■ WHAT NEEDS TO BE DONE ■
Exact reproduction required: the lines below from the line with "Brandt Snedeker has" to the line with "Got it all the", both ends included, and no others.

■ DATA FOR THE TASK ■
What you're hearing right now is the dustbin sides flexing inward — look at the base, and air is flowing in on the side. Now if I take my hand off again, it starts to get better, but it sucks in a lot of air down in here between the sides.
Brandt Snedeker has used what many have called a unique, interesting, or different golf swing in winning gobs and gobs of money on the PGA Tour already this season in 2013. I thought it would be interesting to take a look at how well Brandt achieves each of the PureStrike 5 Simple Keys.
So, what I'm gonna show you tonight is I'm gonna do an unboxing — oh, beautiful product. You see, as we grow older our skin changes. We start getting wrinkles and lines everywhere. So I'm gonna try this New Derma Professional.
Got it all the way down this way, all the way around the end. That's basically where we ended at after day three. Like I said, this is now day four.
---
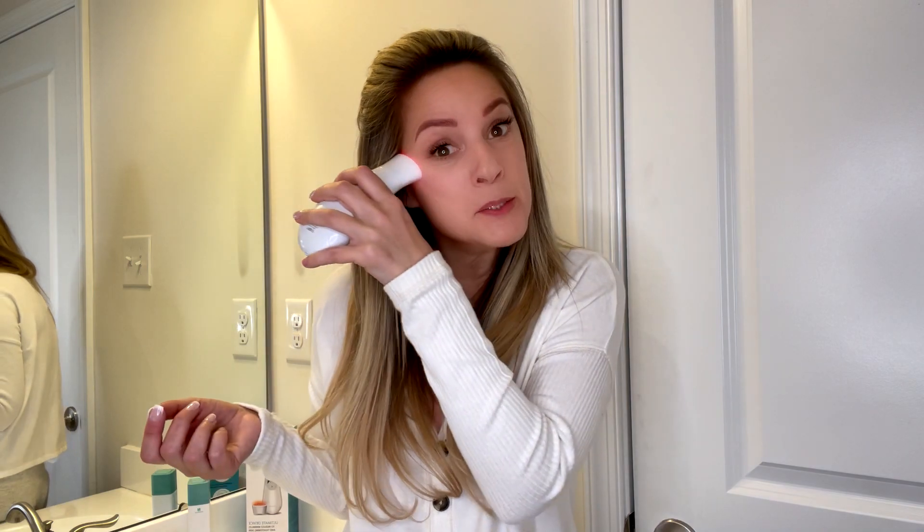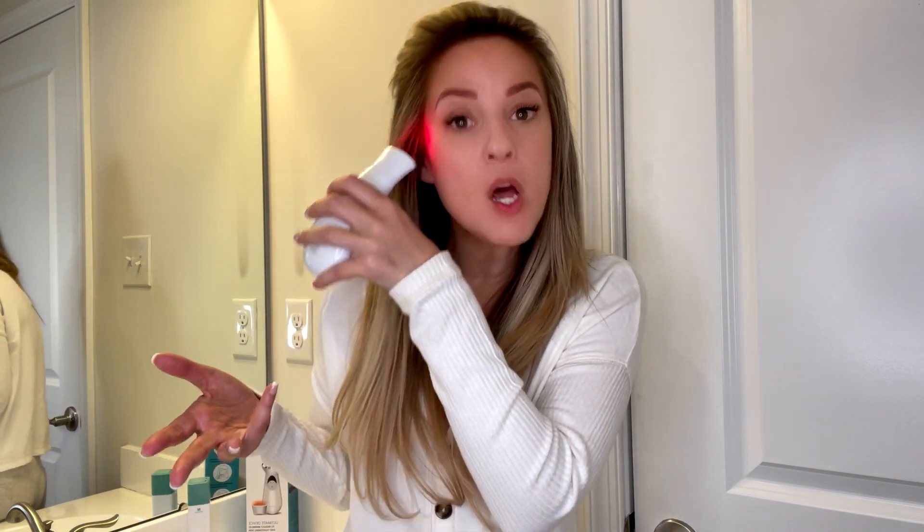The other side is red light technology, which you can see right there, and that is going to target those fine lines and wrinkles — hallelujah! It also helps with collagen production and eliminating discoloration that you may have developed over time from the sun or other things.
--
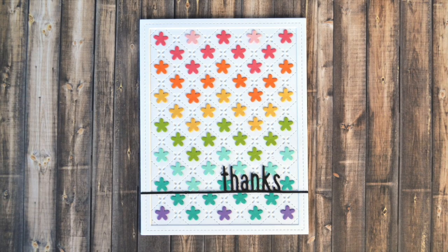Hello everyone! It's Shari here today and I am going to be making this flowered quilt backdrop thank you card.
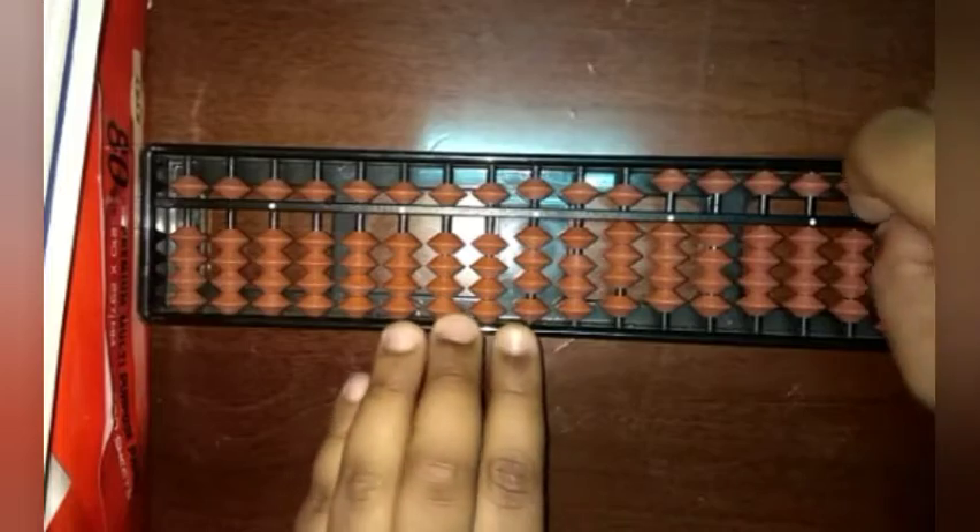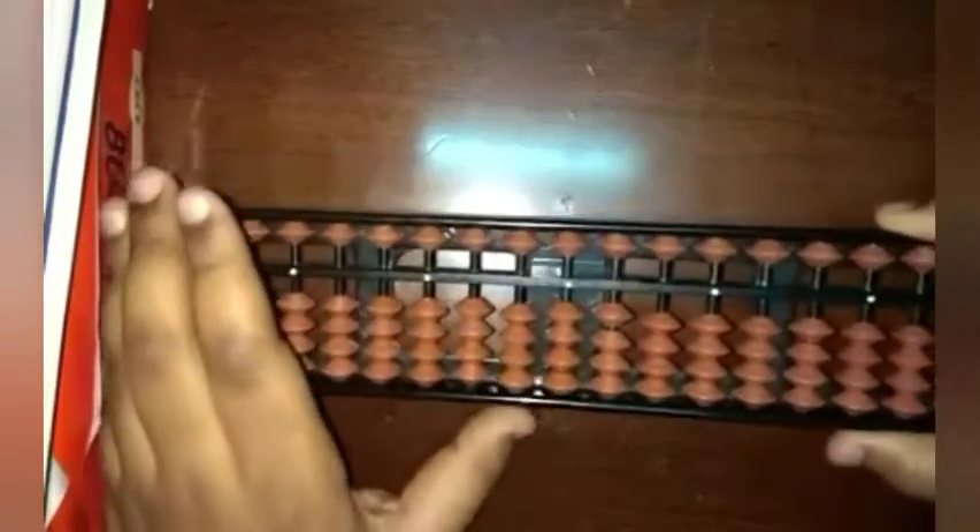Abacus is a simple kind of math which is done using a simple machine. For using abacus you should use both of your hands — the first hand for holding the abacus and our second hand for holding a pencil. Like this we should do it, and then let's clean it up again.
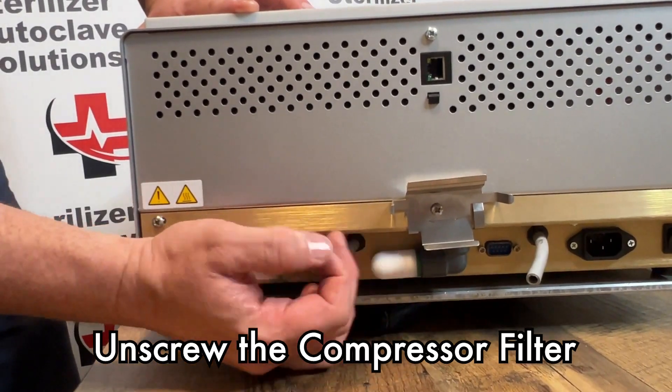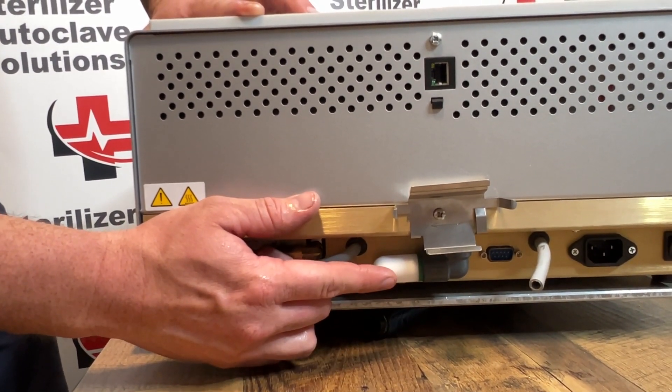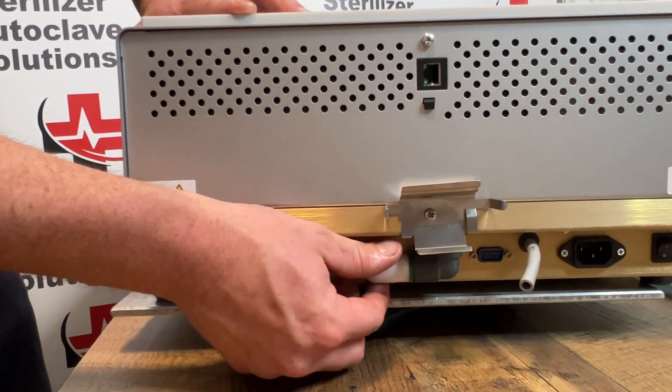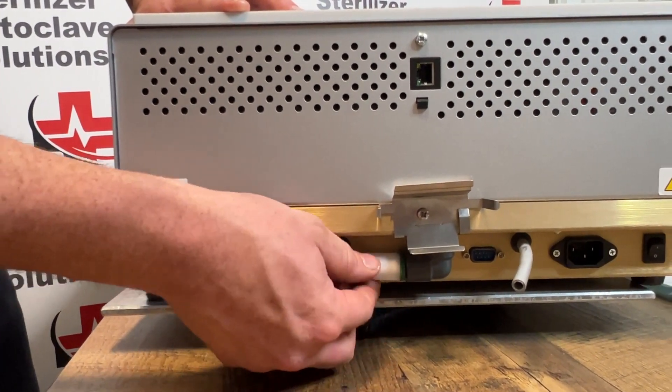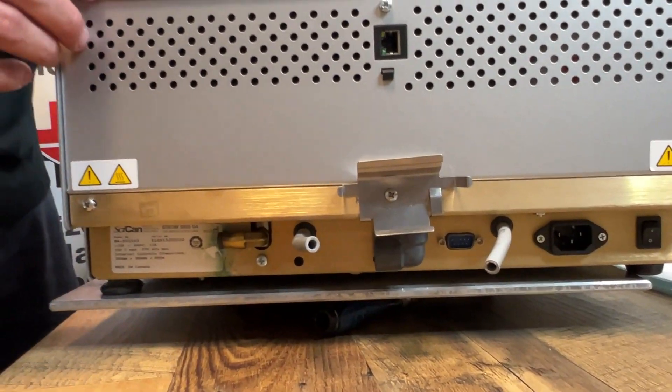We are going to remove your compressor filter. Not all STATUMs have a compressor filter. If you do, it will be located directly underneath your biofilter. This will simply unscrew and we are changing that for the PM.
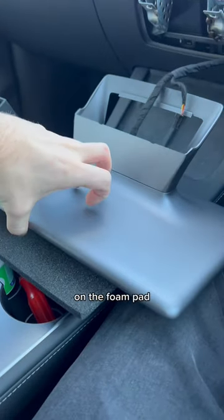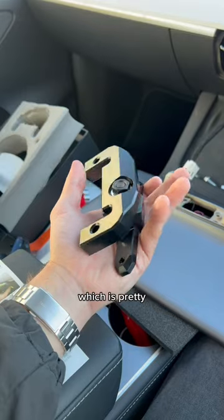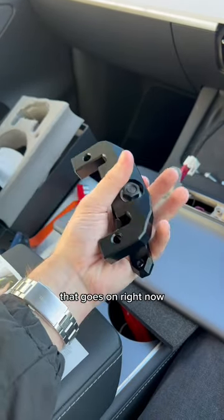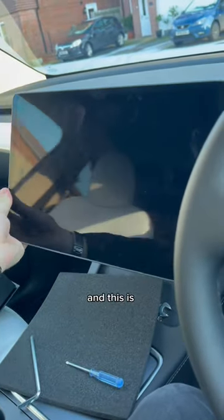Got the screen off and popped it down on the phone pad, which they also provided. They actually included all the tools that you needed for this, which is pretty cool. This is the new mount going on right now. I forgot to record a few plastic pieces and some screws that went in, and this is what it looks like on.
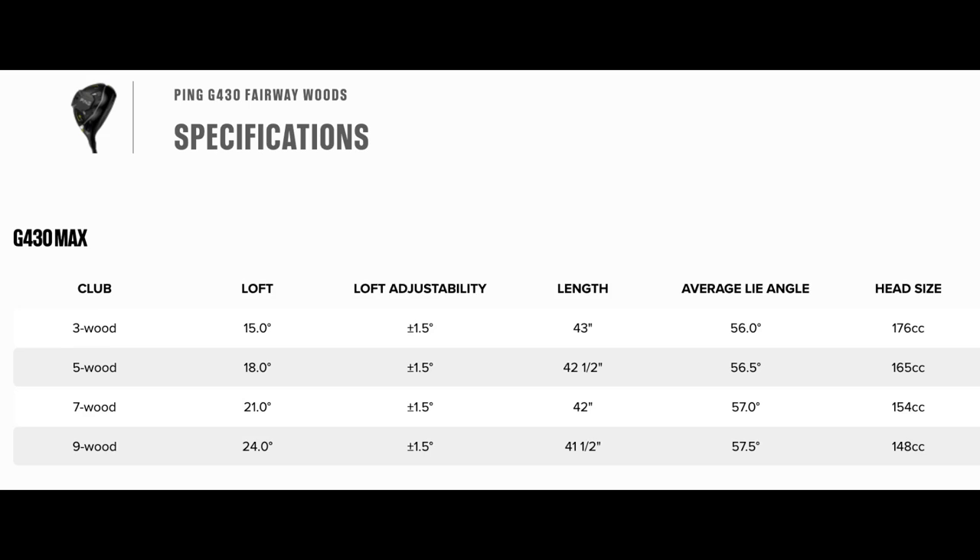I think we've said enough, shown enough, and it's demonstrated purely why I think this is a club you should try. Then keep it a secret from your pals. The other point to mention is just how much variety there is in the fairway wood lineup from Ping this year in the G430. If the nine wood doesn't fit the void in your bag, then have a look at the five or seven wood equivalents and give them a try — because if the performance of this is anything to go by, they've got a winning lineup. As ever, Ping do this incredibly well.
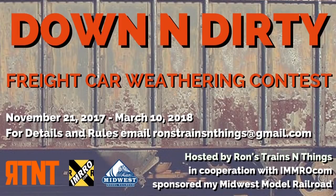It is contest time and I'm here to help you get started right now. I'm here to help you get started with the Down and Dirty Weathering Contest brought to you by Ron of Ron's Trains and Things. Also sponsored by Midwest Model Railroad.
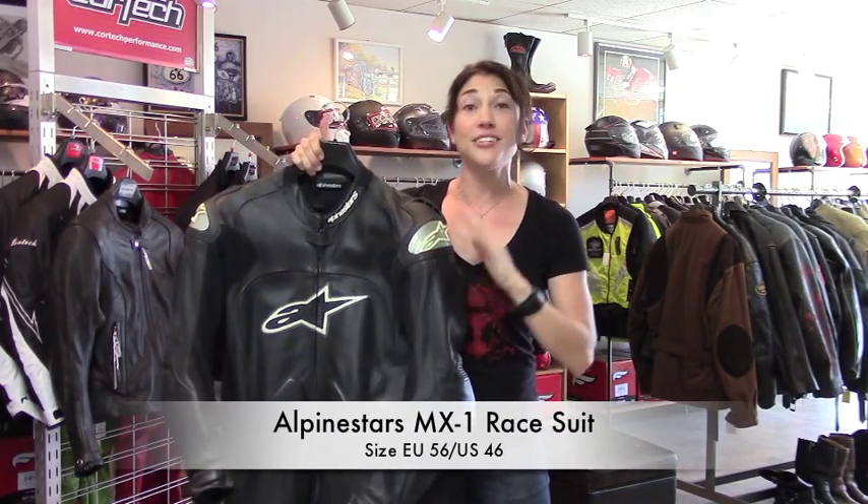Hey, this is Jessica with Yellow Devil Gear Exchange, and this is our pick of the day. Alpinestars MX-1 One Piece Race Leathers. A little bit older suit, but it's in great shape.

■ RESULT BELOW ■
Brandt Snedeker has used what many have called a unique, interesting, or different golf swing in winning gobs and gobs of money on the PGA Tour already this season in 2013. I thought it would be interesting to take a look at how well Brandt achieves each of the PureStrike 5 Simple Keys.
So, what I'm gonna show you tonight is I'm gonna do an unboxing — oh, beautiful product. You see, as we grow older our skin changes. We start getting wrinkles and lines everywhere. So I'm gonna try this New Derma Professional.
Got it all the way down this way, all the way around the end. That's basically where we ended at after day three. Like I said, this is now day four.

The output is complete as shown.